Symposium 1 – May 16, 2013

Videos of Presentations


1. Bridge over Troubled Waters: The Interactive Systems Framework for Dissemination & Implementation
Presenter: Abraham Wandersman, PhD, University of South Carolina


Abstract:  Reducing the gap between research and practice requires a practical framework that brings funders, practitioners, researchers/evaluators, and consumers together for effective implementation and scaling up.  Abe Wandersman and colleagues, in collaboration with CDC Division of Violence Prevention staff, developed the Interactive Systems Framework for Dissemination and Implementation (ISF) (2008 and 2012 special issues of the American Journal of Community Psychology).  The ISF is now being widely cited and used in domains throughout public health and in education.  The presentation will (a) introduce the ISF; (b) briefly describe one of the contributions of the ISF special issue: Practical Implementation Science; and (c) provide examples of bridge-building including at CDC and elsewhere.

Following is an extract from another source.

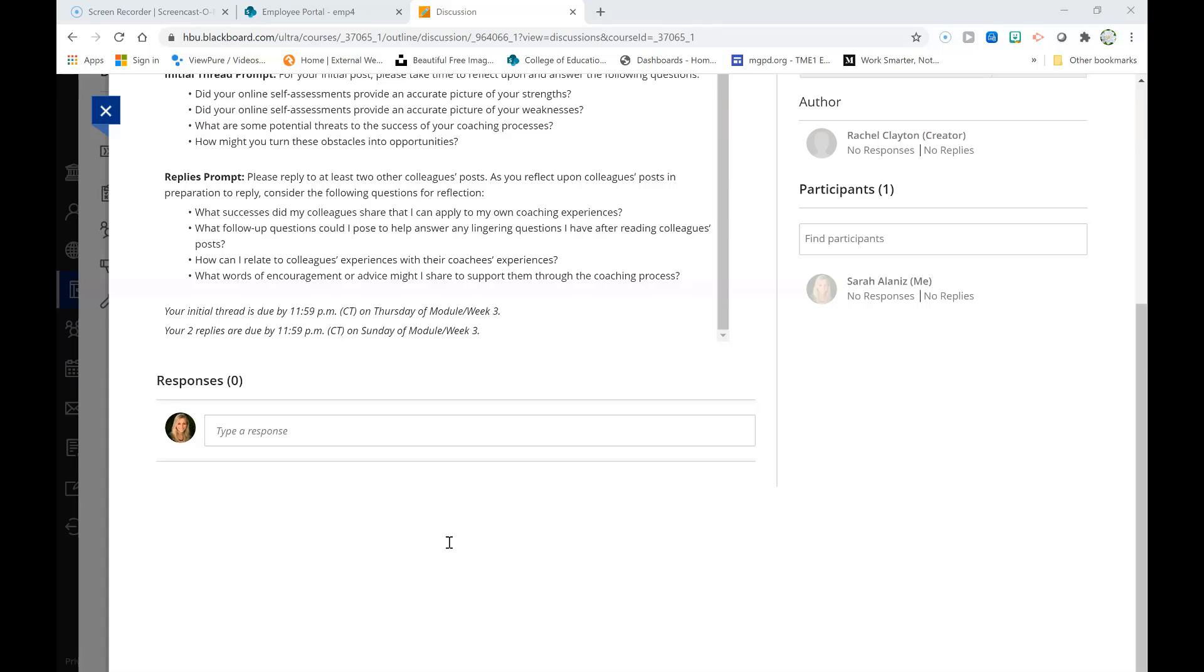Finally, what words of encouragement or advice might I share to support them through the coaching process? So we are an online community of learners engaging in reciprocal learning experiences, and a huge component of being a community of learners involves finding opportunities and expressing encouragement of our colleagues.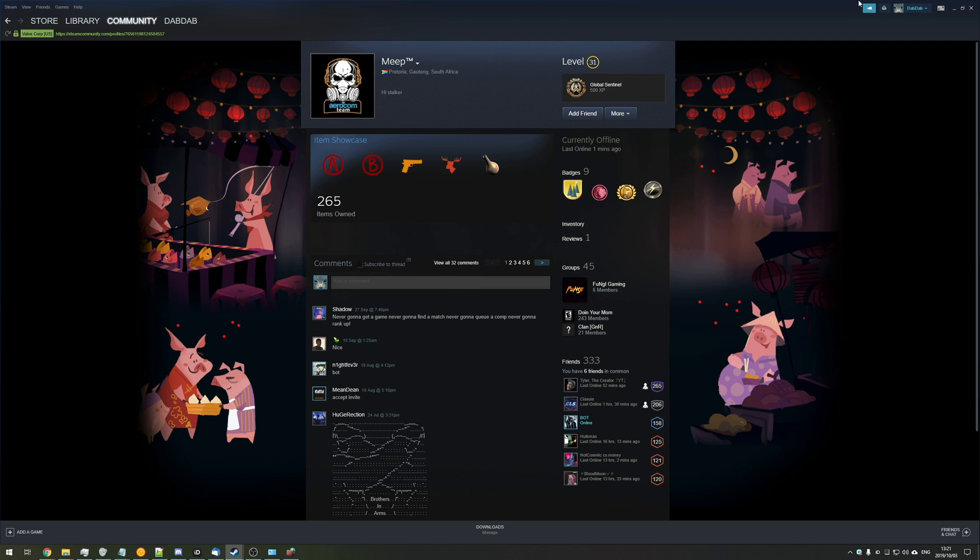So you're probably wondering how exactly do we go about fixing this? Well if you have far more than 300 friends, I've got bad news for you. The game will not launch successfully if you have over 300 Steam friends. It is currently a glitch, I don't know how long it'll take them to fix it.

2. Implementation of School-Wide Positive Behavior Interventions & Supports: The Influence of Emotion, Self-Efficacy, & Organizational Commitment

Presentation Slides

Presenter: Molly K. McDonald, MA

Authors: Zed Kramer, MA, Molly K. McDonald, MA, Brandon Rennie, EdS, Cameo Borntrager, PhD, University of Montana


Abstract:  Both organizational and individual factors are known to influence implementation.  However, there is little research investigating the interaction of these influences.  For example, Klimes-Dougan et al. (2009) found counterintuitive results from a study examining factors related to fidelity: organizational culture was negatively related to fidelity; whereas, low job satisfaction was positively related to fidelity.  Additionally, research on the role of emotion suggests complex dynamics are at work.  Emotional valence has been found to function as a barrier and facilitator to implementation (Choi et al., 2011; Peters et al., 2011).  Self-efficacy has also been identified as a factor involved in the implementation of evidence-based practices (Aarons et al., 2012).  This study further assesses the relationship between organizational initiatives that appear facilitative and individual factors presupposed to affect implementation.  Using self-report data from elementary school teachers, the relationships between emotion, self-efficacy, and organizational commitment are investigated within the context of an ongoing implementation project initially presented at SIRC 2011 involving School-Wide Positive Behavior Interventions & Supports (SWPBIS).  SWPBIS emphasizes prevention, data based decision-making, and evidence-based practices for addressing difficult behaviors in youth.  Implications for the potential existence of recursive feedback between affect and self-efficacy and its influence on organizational climate are discussed.


3. Seeing is Believing: Behavioral Rehearsal Methodology

Presentation Slides

Presenter: Shannon Dorsey, PhD, University of Washington 

Authors:  Shannon Dorsey, PhD,1 Rinad Beidas, PhD,2 & Wendi Cross, PhD3

1University of Washington; 2University of Pennsylvania, Perelman School of Medicine; 3University of Rochester Medical Center


Abstract:  Evidence-based interventions (EBI) are available for a variety of problems, populations, and settings.  Nevertheless, intervention effectiveness hinges upon the skill level of the people implementing them, making cost-effective training and supervision programs a critical focus for implementation science.  Adult learning theory indicates that implementer skill development is most likely when active learning strategies, which include modeling and practice opportunities, are employed.  In addition, behavioral rehearsal and standardized patient (SP) methods offers a more rigorous and objective means of assessing skill development and fidelity than commonly used strategies (e.g., self-report), and a more cost-effective strategy than audio or video coding.  Understanding how to use BR and SP strategies for cost-effective dissemination and implementation, and more rigorous evaluation, is an important emerging research focus.

We present findings from three studies using similar BR methodology (Cross et al., 2007) as both a training and a fidelity assessment tool.  Presentation will include an in-depth focus on the use of BR in a CBT common elements training initiative in Washington State for child and adolescent depression, anxiety, trauma, and behavior problems.  Presentation will include BR vignette examples, decision points in BR use (e.g., actor selection; coding strategy), actual audio/video of BR, and study outcomes.